My system is a little old: Win2K, Pentium 4, 1.6 GHz, 524 MB RAM. I suppose an upgrade could be possible, if that would speed up my task considerably.

I think the system might get a little bit freaked if it’s English-only and suddenly finds a Chinese character in the middle, but I’m not sure. The new packages might be better.

I can’t recommend a specific scanner (in fact, my old clunky scanner worked just fine with the Danqing Chinese OCR package and the new HP all-in-one chokes it for some reason) but I’d like to hear about your experiences with Adobe, especially in terms of embedding Chinese fonts. It’s something I’d be very interested in being able to do, too.
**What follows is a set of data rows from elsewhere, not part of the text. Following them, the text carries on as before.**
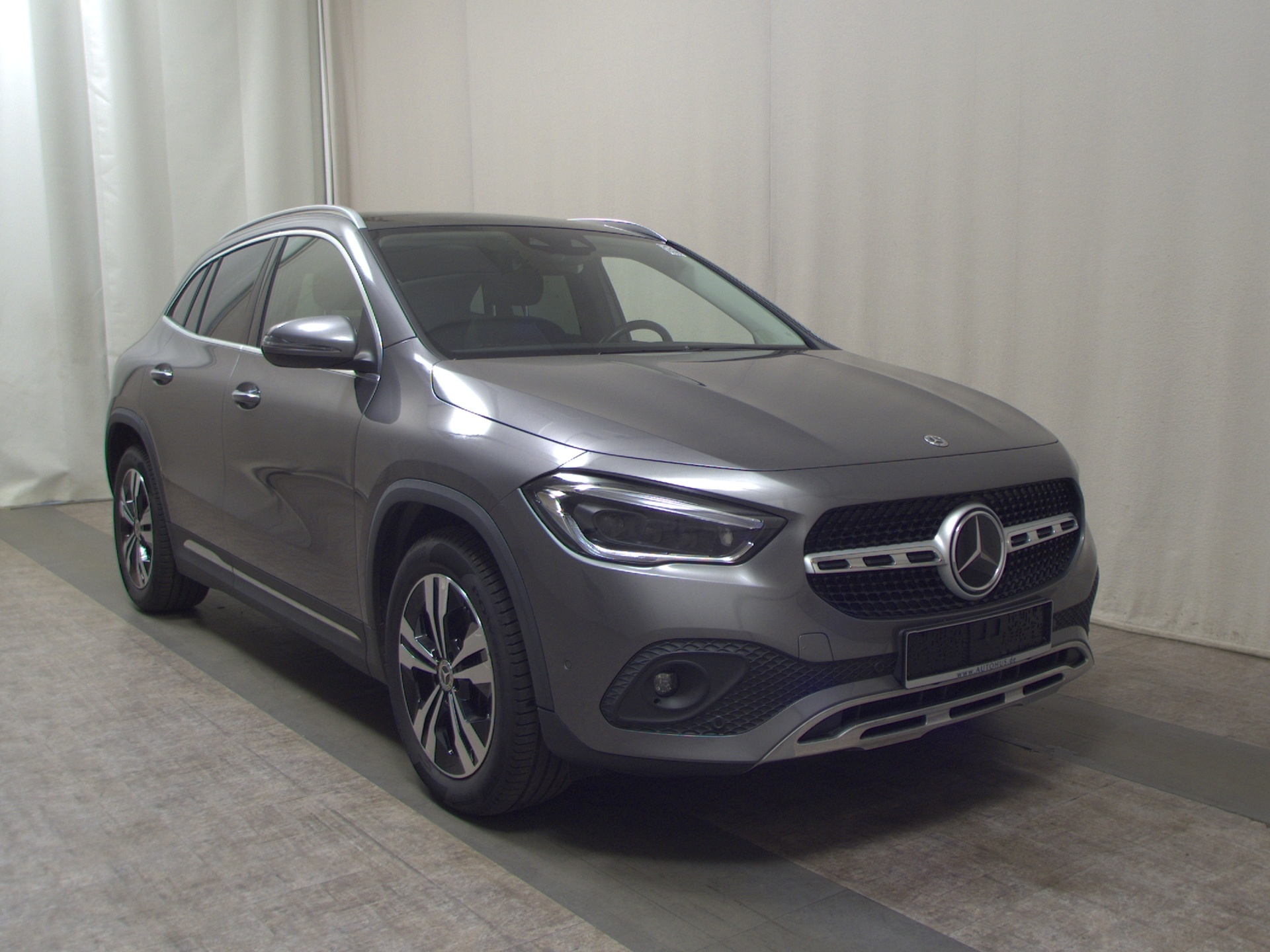 Mercedes-Benz 220 d 4M Progressive NAVI LED PANO SHZ PDC 3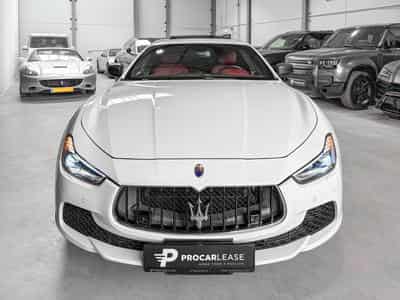 Maserati Ghibli 3.0 V6 S Q4 Automatik/ Xénon/Camera/Carbonne/20/Leder/VOLL (2016) - Photo 3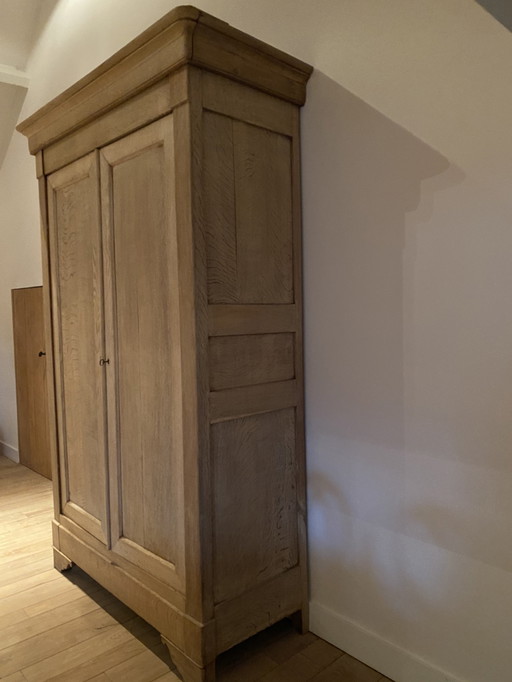 Armoire en chêne français Louis Philippe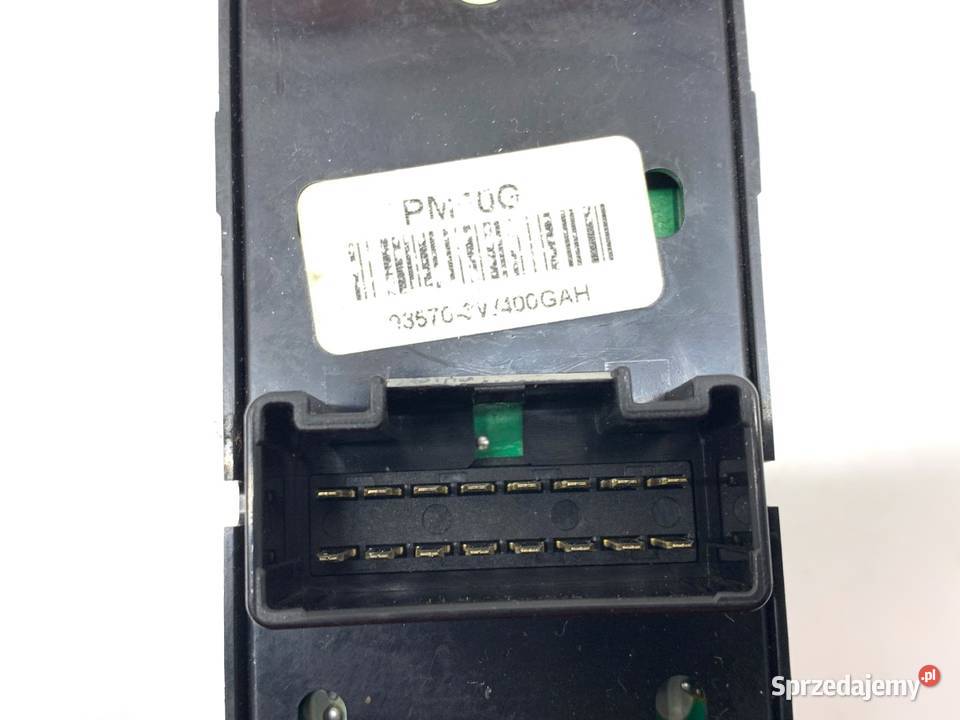 PRZEŁĄCZNIK SZYB KIA SPORTAGE III 935703W400 SUV osobowe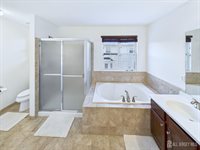 28 Wisniewski Road, Sayreville, NJ 08872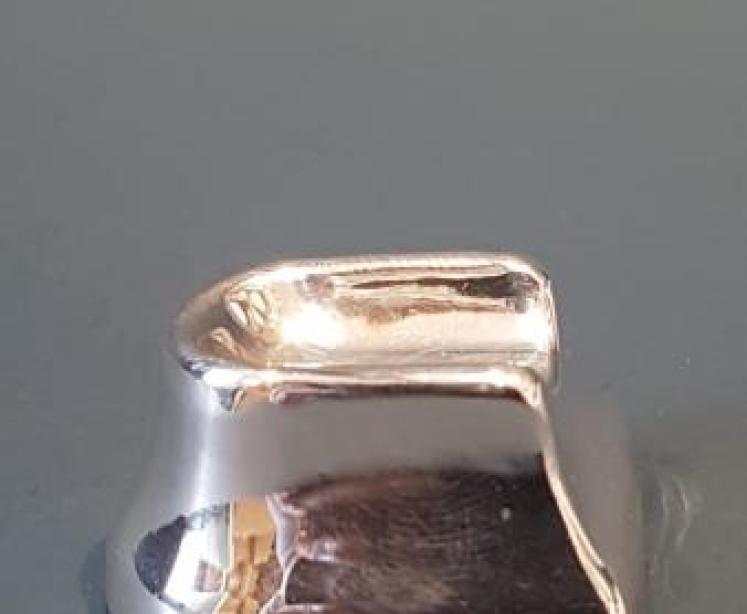 Solid Silver Nail Manicurists Finger Rest - Image 1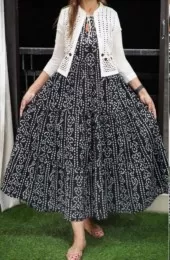 schiffli kurti and koti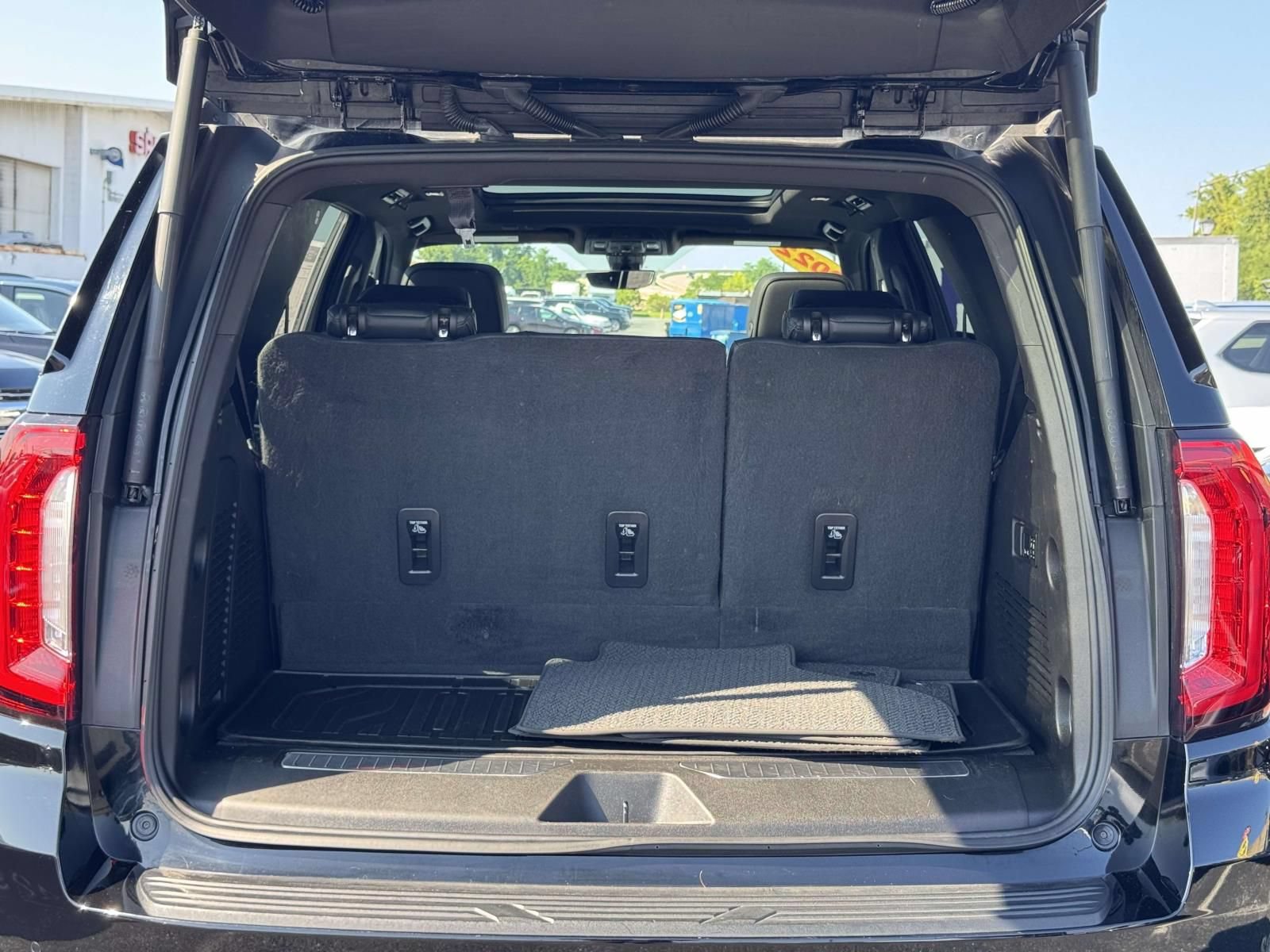 Used 2022 GMC Yukon Denali w/ Denali Premium Package AWD/4WD image 16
I ended up ordering a Fujitsu Scansnap fi-5110EOX2 from a U.S. online retailer for US$390, plus US$73 shipping. The U.S. order should also allow me to collect a US$50 rebate and a free copy of ABBYY’s basic OCR program, which makes the price about NT$13,000. The same scanner costs NT$23,000 in Taiwan – with no rebate or free software offer. :noway:

This seems to be very much the scanner for taking lots of documents and converting them quickly into PDFs. Adobe Acrobat Standard is bundled with the scanner.

I just hope it makes it here in one piece and that customs doesn’t want to make me pay an arm and a leg.

You can outsource this to copy shops rather than buy equipment.
Hand them a book; they hand you a .pdf.

This .pdf will be very large because its just a bunch of images of the pages.
Acrobat Professional has some internal OCR capability. But there will be errors.

I think OminPage Professional (now version 15) dominates the market.

There will still be a lot of errors. You could outsource to proofreaders.
Even then there will be errors.

I thought I’d add some information now that the scanner has arrived and I’ve had a chance to play with it.

The main thing that impresses me is that this baby is fast. Put up to 50 pages into the feeder, and the scanner will spit a PDF in just about one minute. Moreover, it scans both sides of the paper at the same time and can automatically remove blank pages from the final document.

It also has a very small footprint.

So far, I’m very pleased.